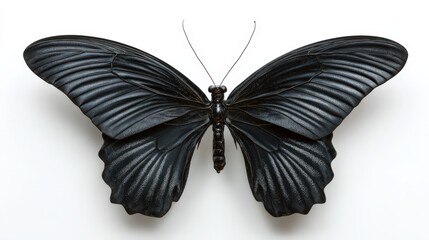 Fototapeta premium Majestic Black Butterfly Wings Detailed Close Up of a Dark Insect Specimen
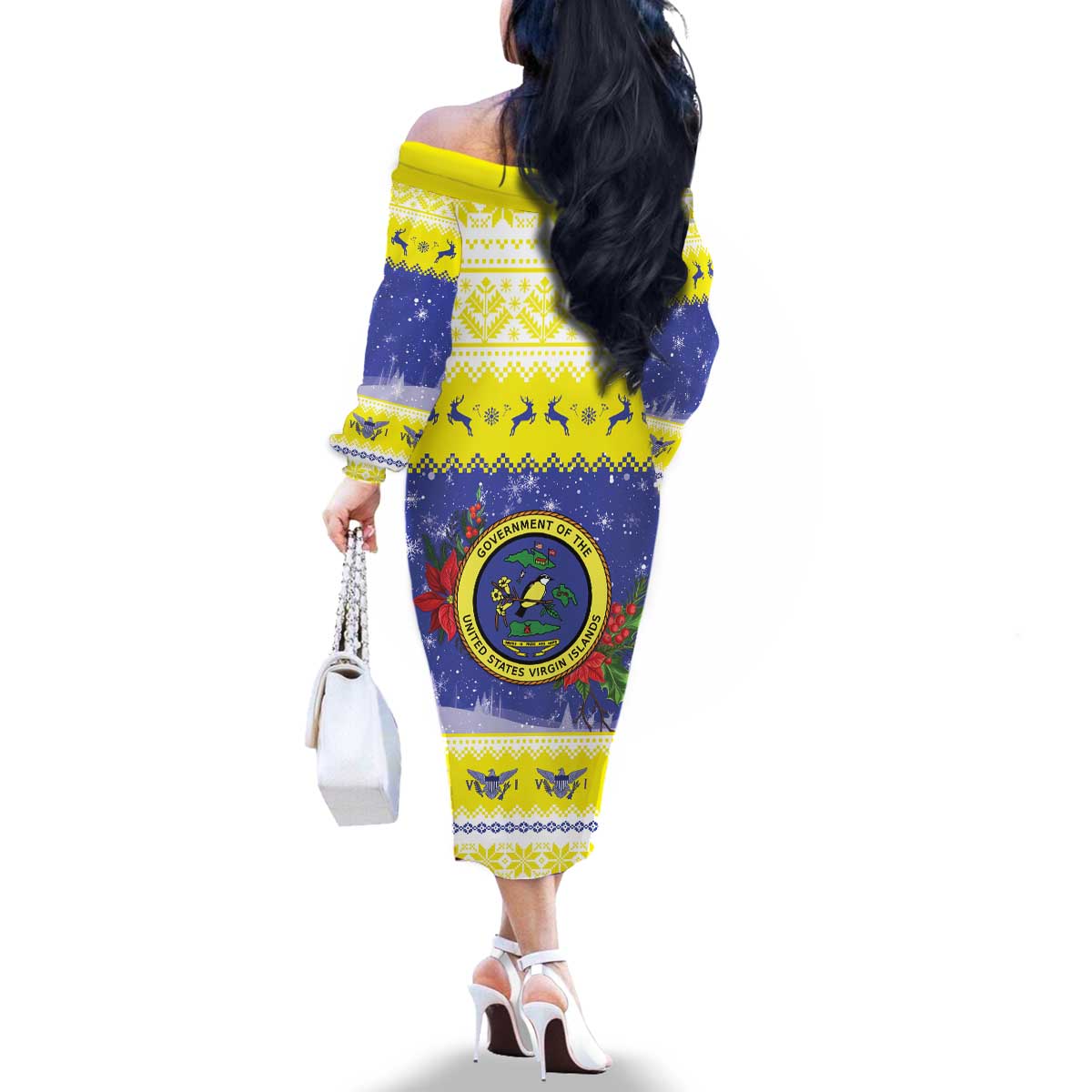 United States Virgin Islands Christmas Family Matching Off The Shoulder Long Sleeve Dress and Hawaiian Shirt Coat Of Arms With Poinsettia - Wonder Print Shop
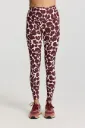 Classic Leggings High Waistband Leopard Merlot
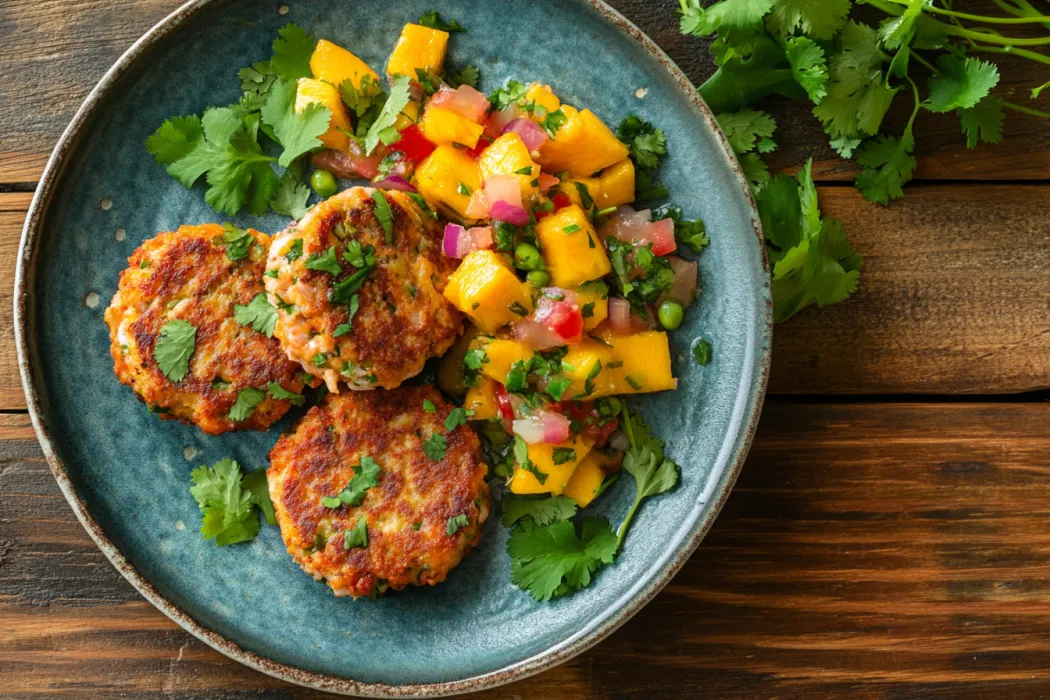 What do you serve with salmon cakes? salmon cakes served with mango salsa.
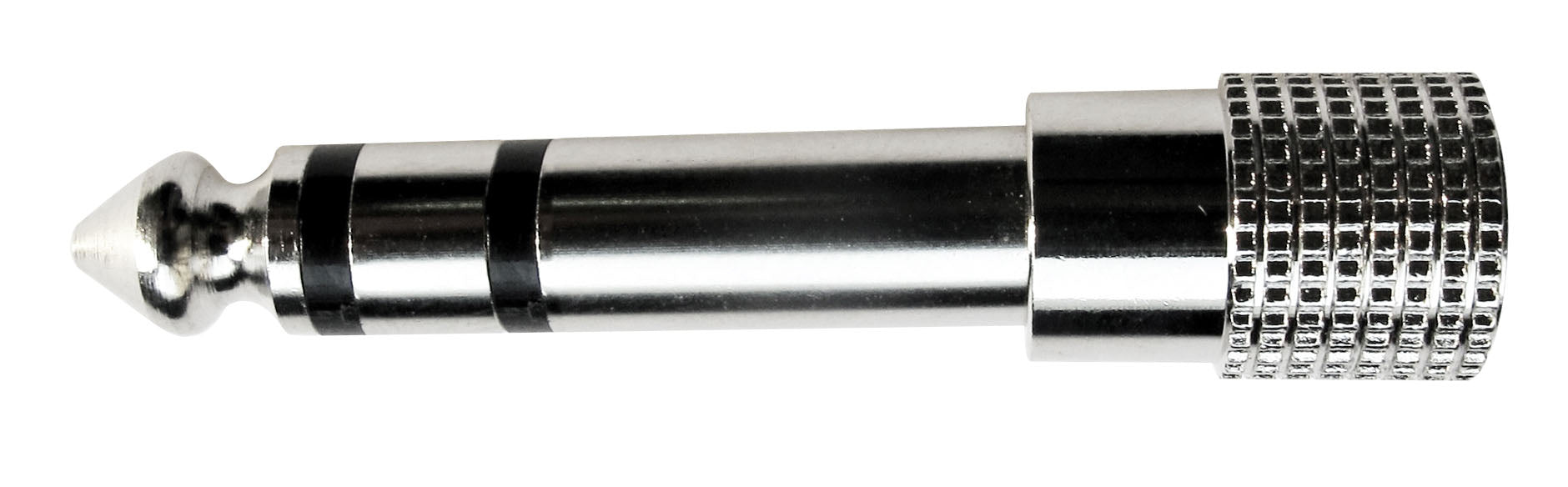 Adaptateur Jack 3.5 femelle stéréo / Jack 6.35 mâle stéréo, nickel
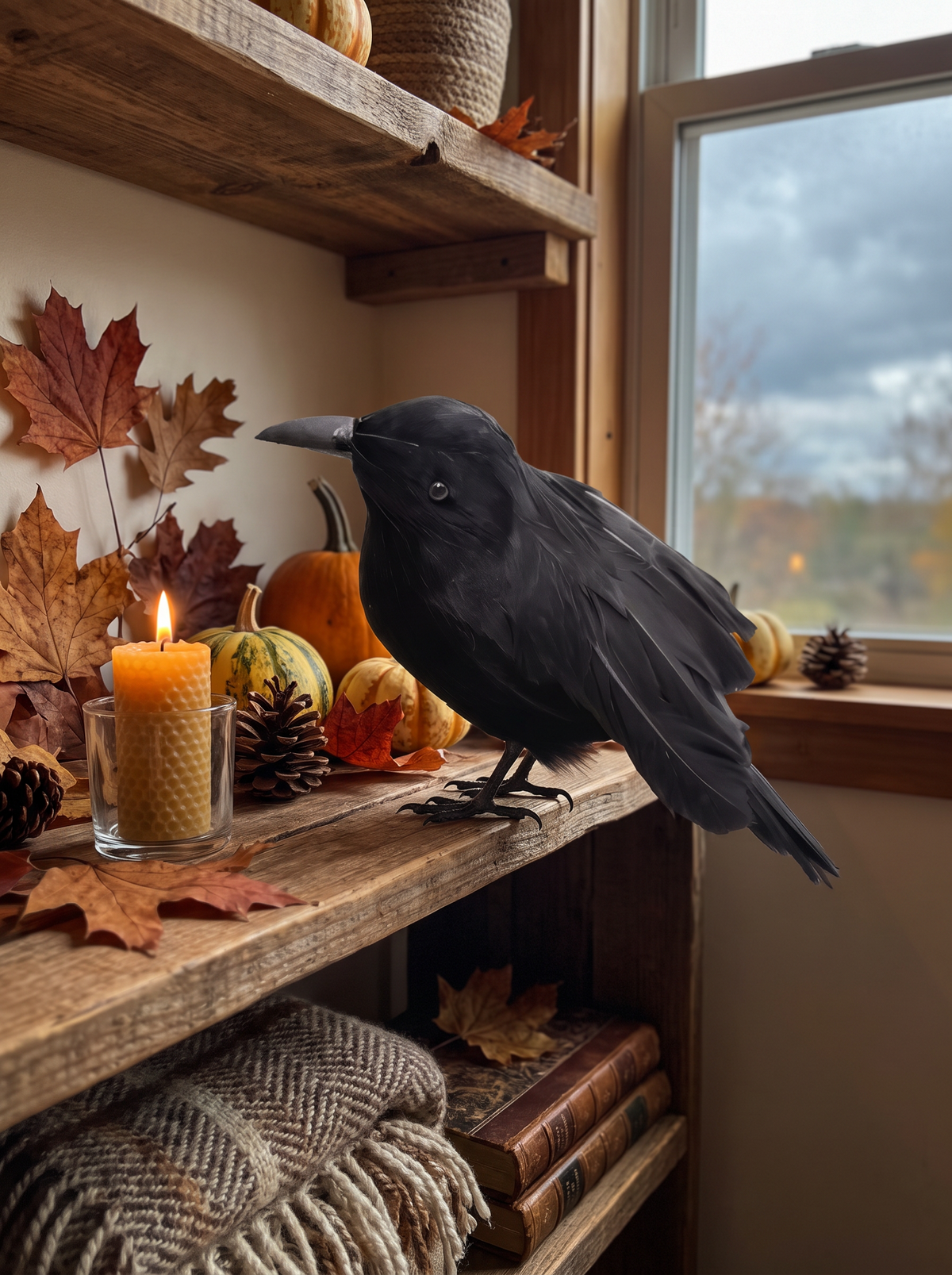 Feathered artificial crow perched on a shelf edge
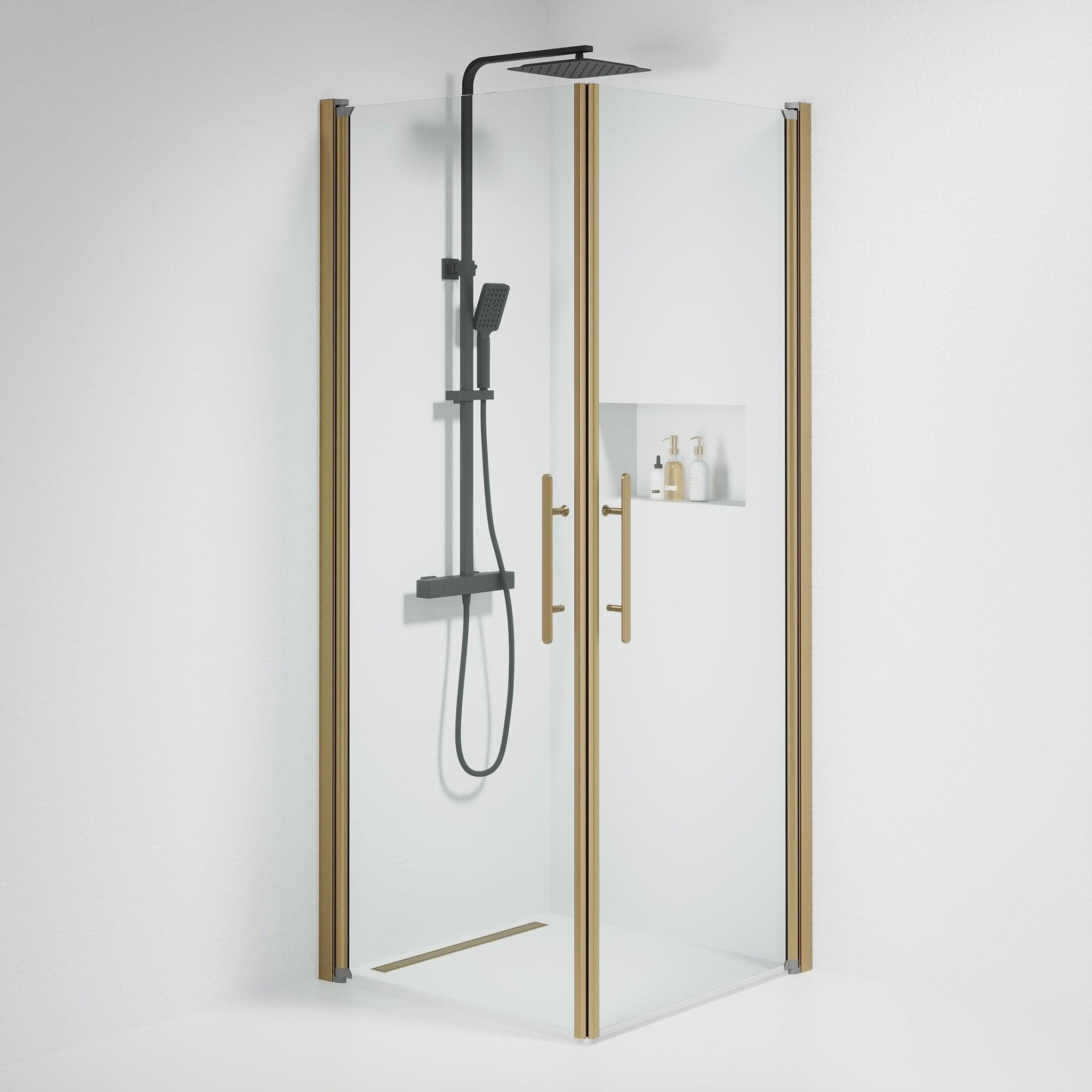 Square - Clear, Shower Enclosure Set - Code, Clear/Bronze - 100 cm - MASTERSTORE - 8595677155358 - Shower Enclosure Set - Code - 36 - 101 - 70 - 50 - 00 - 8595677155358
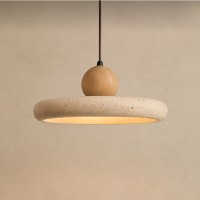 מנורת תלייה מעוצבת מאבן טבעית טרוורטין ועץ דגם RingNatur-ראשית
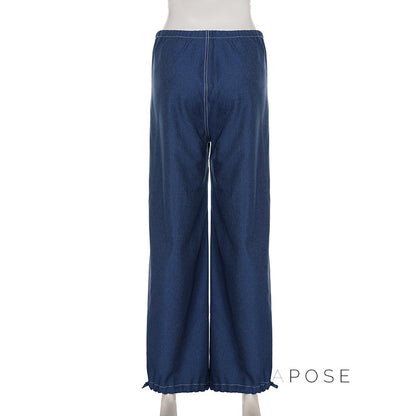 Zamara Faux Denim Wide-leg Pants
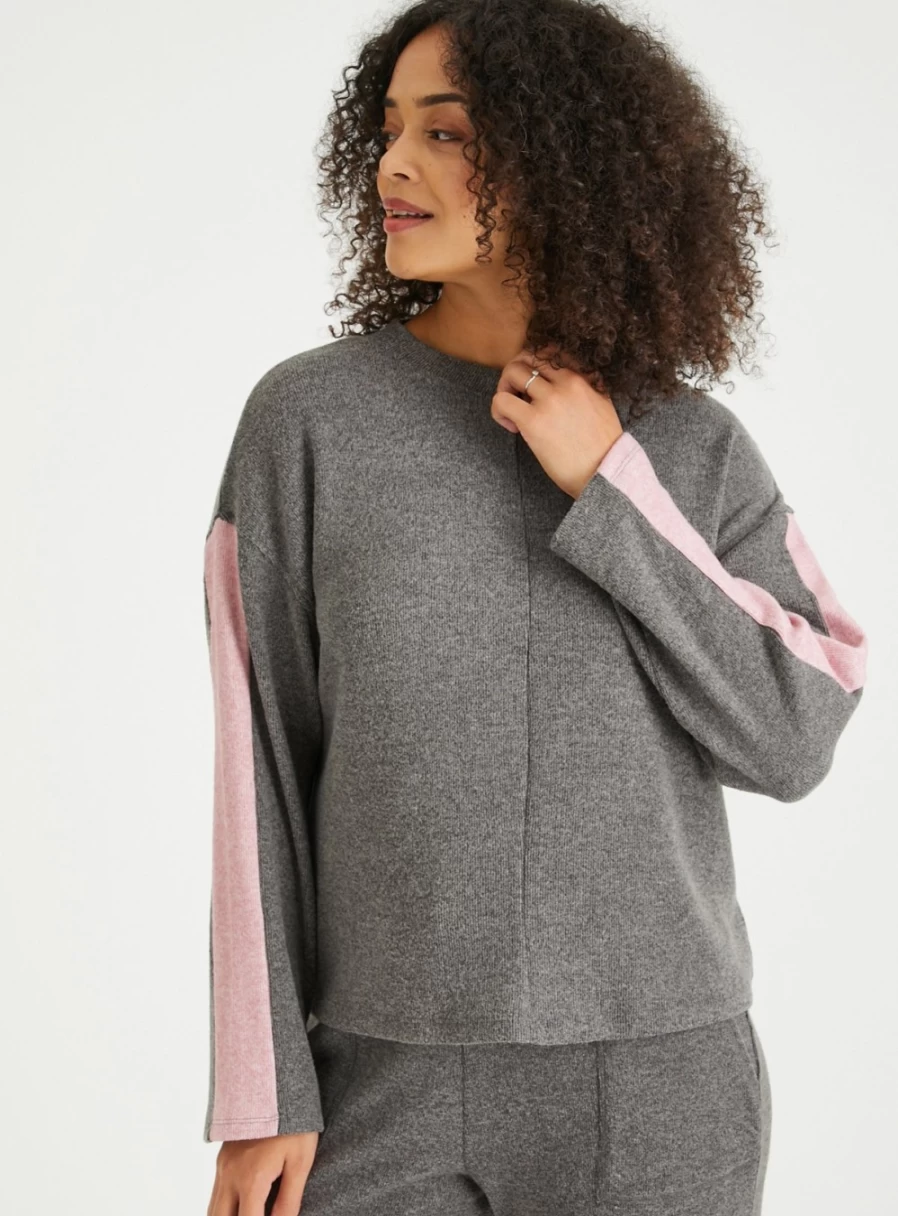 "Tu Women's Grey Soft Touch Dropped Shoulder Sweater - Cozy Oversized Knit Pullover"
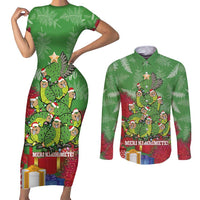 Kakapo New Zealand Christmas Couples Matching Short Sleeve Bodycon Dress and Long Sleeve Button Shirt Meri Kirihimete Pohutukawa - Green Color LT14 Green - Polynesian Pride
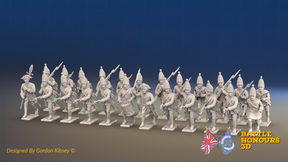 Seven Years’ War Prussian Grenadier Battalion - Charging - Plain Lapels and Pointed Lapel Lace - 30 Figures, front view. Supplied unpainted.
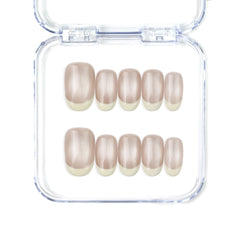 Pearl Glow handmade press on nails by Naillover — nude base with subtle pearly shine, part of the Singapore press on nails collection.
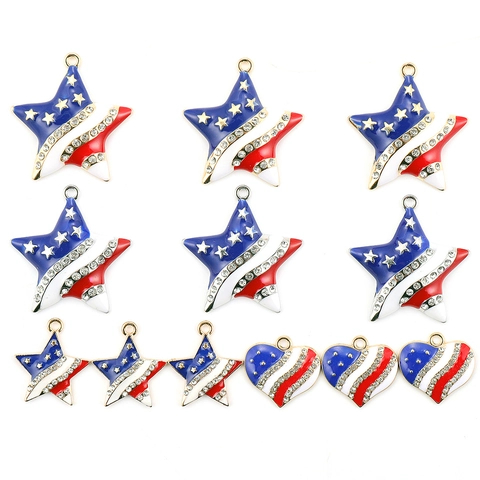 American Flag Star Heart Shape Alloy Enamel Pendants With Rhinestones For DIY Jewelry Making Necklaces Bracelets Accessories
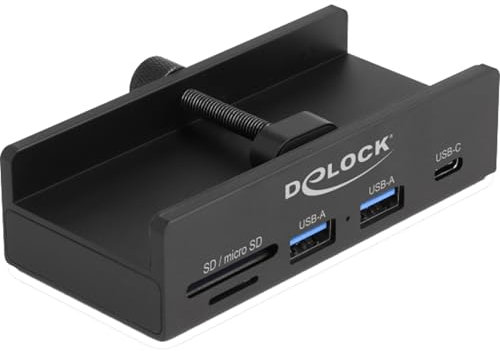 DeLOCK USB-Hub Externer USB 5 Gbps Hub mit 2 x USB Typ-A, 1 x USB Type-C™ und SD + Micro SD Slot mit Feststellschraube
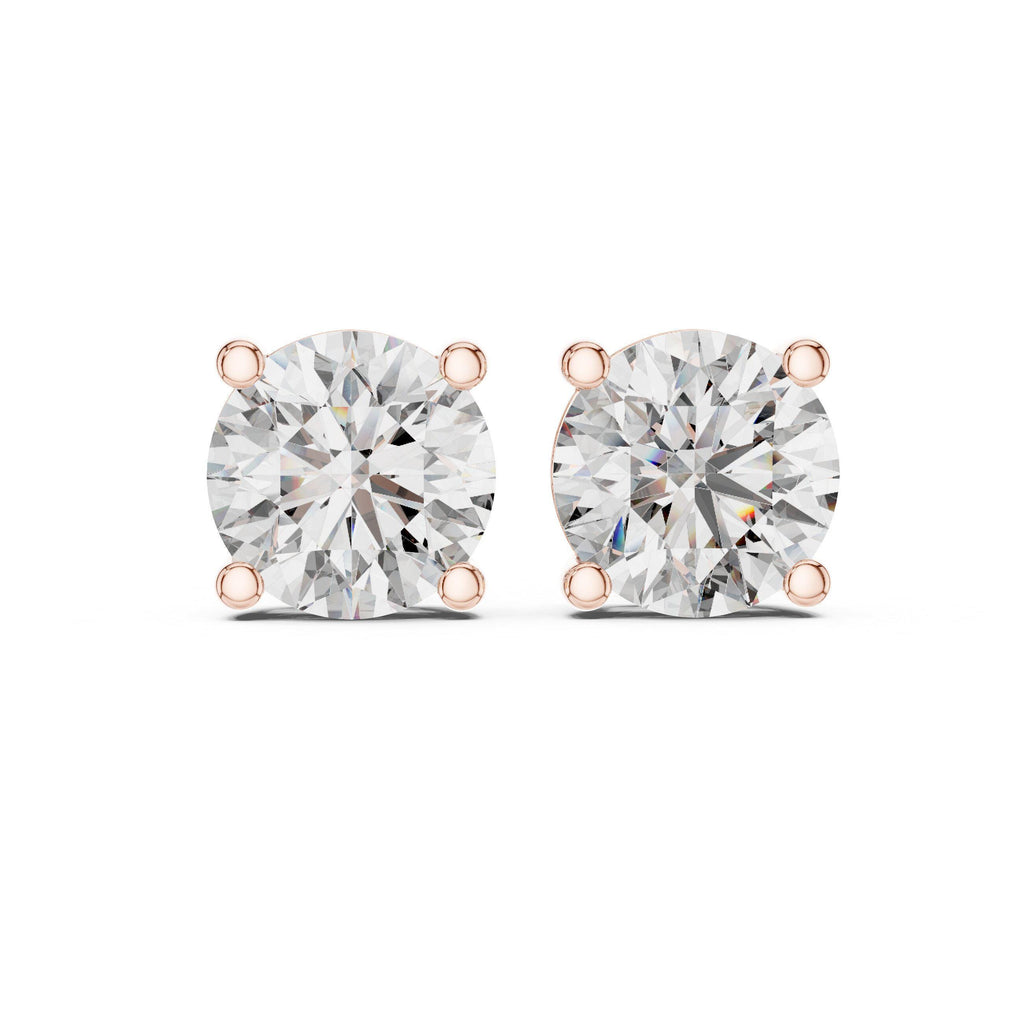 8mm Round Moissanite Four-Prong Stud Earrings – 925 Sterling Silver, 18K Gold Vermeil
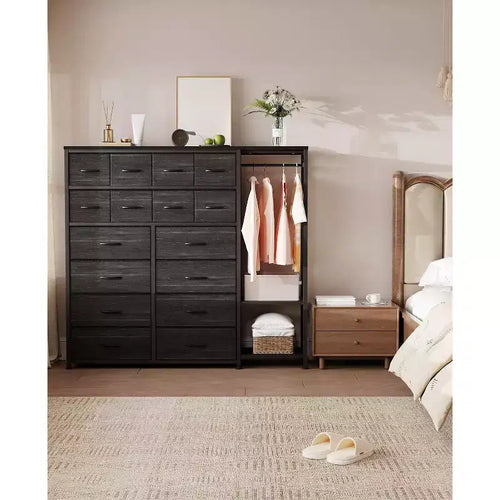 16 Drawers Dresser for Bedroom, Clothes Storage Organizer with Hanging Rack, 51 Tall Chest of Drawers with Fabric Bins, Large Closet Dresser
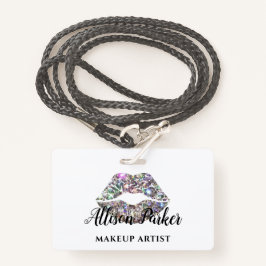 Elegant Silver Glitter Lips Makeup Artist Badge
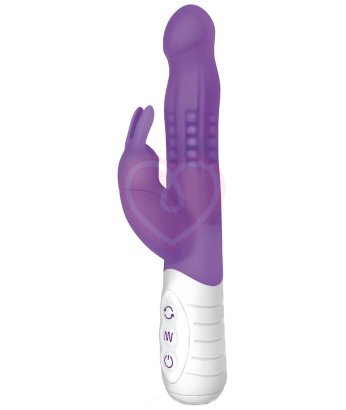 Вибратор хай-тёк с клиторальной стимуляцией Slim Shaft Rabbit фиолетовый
+===+
[EXERCISE OBJECTIVE]:
Nothing but the lines from the one with "Feathered artificial crow" through the last line of the records should appear in your answer, each exactly as written and without pictures.

[SOLUTION FOR THIS TASK]:
 Feathered artificial crow perched on a shelf edge
 Square - Clear, Shower Enclosure Set - Code, Clear/Bronze - 100 cm - MASTERSTORE - 8595677155358 - Shower Enclosure Set - Code - 36 - 101 - 70 - 50 - 00 - 8595677155358
 מנורת תלייה מעוצבת מאבן טבעית טרוורטין ועץ דגם RingNatur-ראשית
 Zamara Faux Denim Wide-leg Pants
 "Tu Women's Grey Soft Touch Dropped Shoulder Sweater - Cozy Oversized Knit Pullover"
 Kakapo New Zealand Christmas Couples Matching Short Sleeve Bodycon Dress and Long Sleeve Button Shirt Meri Kirihimete Pohutukawa - Green Color LT14 Green - Polynesian Pride
 Seven Years’ War Prussian Grenadier Battalion - Charging - Plain Lapels and Pointed Lapel Lace - 30 Figures, front view. Supplied unpainted.
 Pearl Glow handmade press on nails by Naillover — nude base with subtle pearly shine, part of the Singapore press on nails collection.
 American Flag Star Heart Shape Alloy Enamel Pendants With Rhinestones For DIY Jewelry Making Necklaces Bracelets Accessories
 DeLOCK USB-Hub Externer USB 5 Gbps Hub mit 2 x USB Typ-A, 1 x USB Type-C™ und SD + Micro SD Slot mit Feststellschraube
 8mm Round Moissanite Four-Prong Stud Earrings – 925 Sterling Silver, 18K Gold Vermeil
 16 Drawers Dresser for Bedroom, Clothes Storage Organizer with Hanging Rack, 51 Tall Chest of Drawers with Fabric Bins, Large Closet Dresser
 Elegant Silver Glitter Lips Makeup Artist Badge
 Вибратор хай-тёк с клиторальной стимуляцией Slim Shaft Rabbit фиолетовый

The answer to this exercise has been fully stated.